__STORED DATA__:
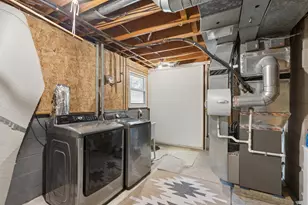 2255 Orkla Dr, Golden Valley, MN 55427 - Photo 37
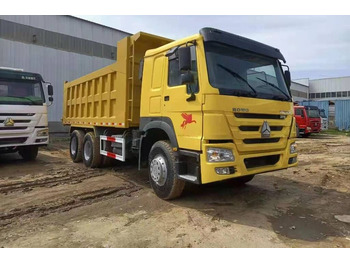 : fotografie din antet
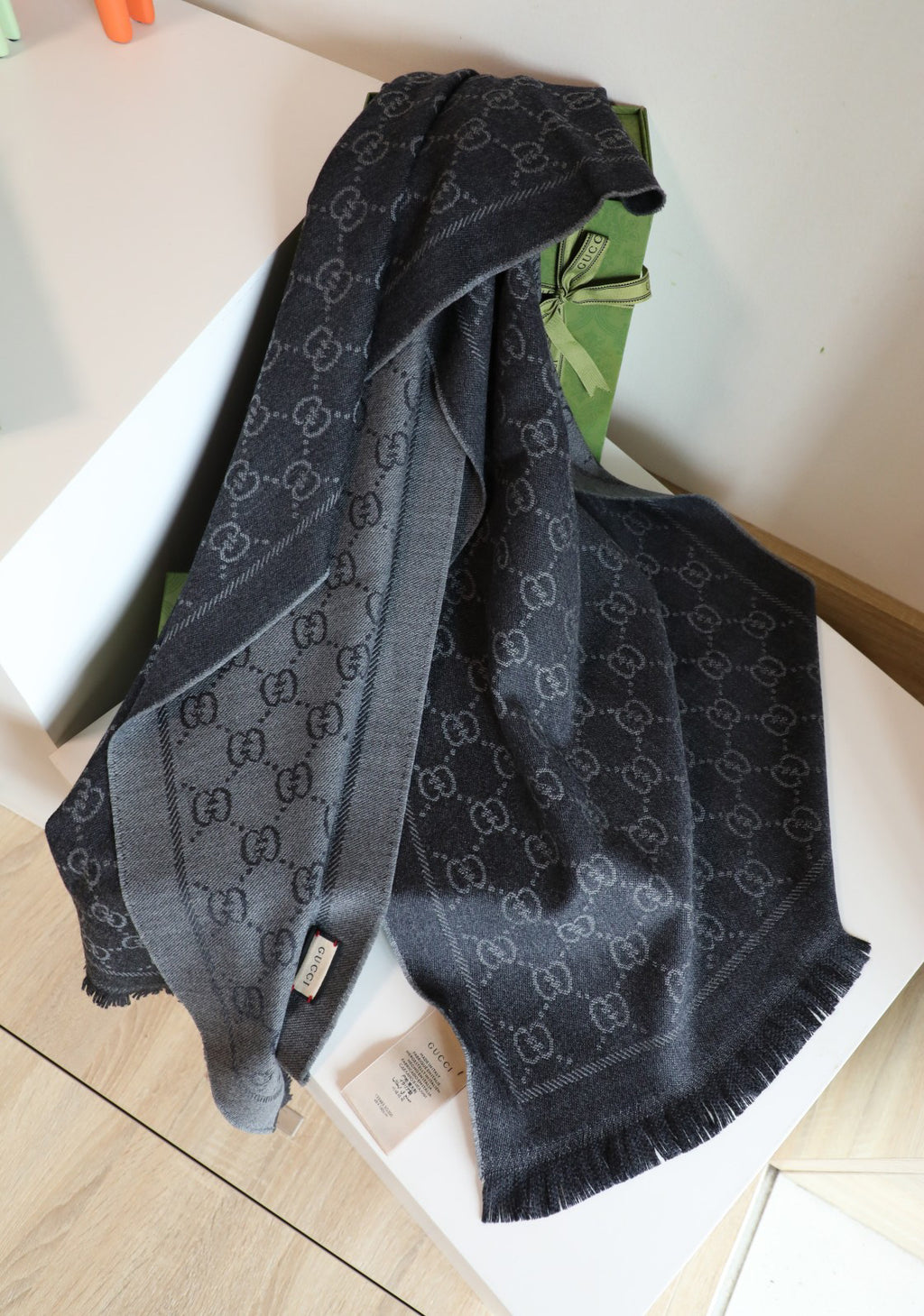 Gucci Colorblock Scarf - 973238753 - Photo 9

__PROBLEM STATEMENT__: Word for word, reproduce all the data, but not the pictures.

__OUTPUT FOR THIS EXERCISE__:
 2255 Orkla Dr, Golden Valley, MN 55427 - Photo 37
 : fotografie din antet
 Gucci Colorblock Scarf - 973238753 - Photo 9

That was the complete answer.